148 b. Menyusun pedoman tata cara pemeliharaan obyek bangunan pada ruang publik Yaroana Masigi yang melibatkan ahli. Hal ini bertujuan agar setiap bangunan memiliki perlindungan yang jelas, dan kejadian berubahnya bentuk arsitektur Baruga tidak terulang kembali. 2. Aspek kesadaran dan inisiatif Dimaksudkan untuk mengingatkan pentingnya ruang publik Yaroana Masigi karenakan memiliki nilai dan bahan pelajaran bagi generasi mendatang, bukan hanya menjadi tugas pemerintah tapi juga diperlukan dukungan dan peran serta masyarakat. a. Memberikan insentif berupa penghargaan dan bantuan dana perawatan bangunan, penghargaan bagi masyarakat yang telah berperan aktif dalam kegiatan pelestarian ruang publik Yaroana Masigi. penghargaan dapat berupa piagam, publikasi, subsidi untuk pemeliharaan bangunan. b. Memberikan pemahaman dalam rangka mengedukasi masyarakat dan pengunjung mengenai pentingnya pelestarian kawasan bersejarah. c. Memberikan informasi yang jelas mengenai pelestarian ruang publik Yaroana Masigi kepada masyarakat melalui publikasi dalam berbagai media termasuk website serta penyuluhan dan mengajak masyarakat sekitar untuk ikut berperan aktif dalam pelestarian Yaroana Masigi.

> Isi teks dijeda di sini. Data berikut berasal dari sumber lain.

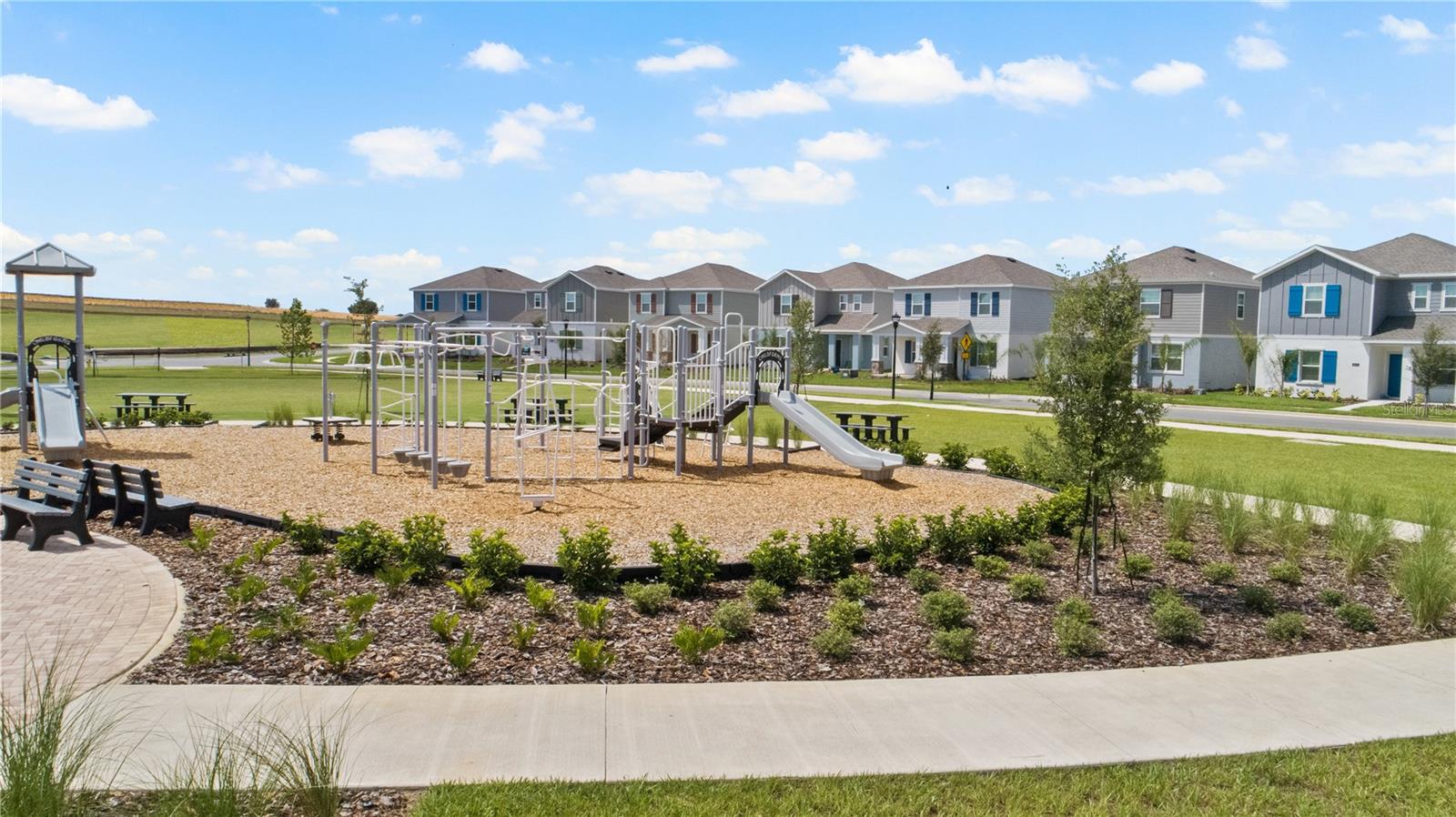 2688 MERCY CIR — photo 11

149 d. Membangun dan memperkuat kerjasama antara pemerintah dan masyarakat dalam pelaksanaan pelestarian ruang publik Yaroana Masigi, masyarakat dapat ikut mengawasi dan menjadi mitra pemerintah dalam pelaksanaan pelestarian. e. Mempertahankan event atau kegiatan budaya yang berlangsung di ruang publik Yaroana Masigi sehingga fungsi ruang budayanya tetap lestari, serta memberikan informasi kegiatan tersebut dalam bentuk publikasi dan jadwal kegiatan. 5.2 Saran Saran ini dibuat demi perbaikan ke depan, terutama bagi penulis sendiri khususnya dan bagi keberlanjutan ruang publik bersejarah pada umumnya. Saran secara akademik, perlu ada penelitian lanjutan terkait ruang publik Yaroana Masigi serta kaitannya maupun perbandingannya dengan ruang-ruang publik maupun ruang bersejarah lainnya di dalam kawasan Benteng Keraton Buton Kelurahan Melai, maupun pembahasan mengenai tempat-tempat bersejarah lainnya di dalam lingkup Kelurahan Melai. Saran secara praktis bagi masyarakat dan pemerintah adalah untuk senantiasa konsisten menjaga dan ikut melestarikan kawasan bersejarah sebagai bentuk partisipasi pada pembangunan, karena keberadaan kawasan bersejarah merupakan bukti penting dari tahapan keberlanjutan pembangunan.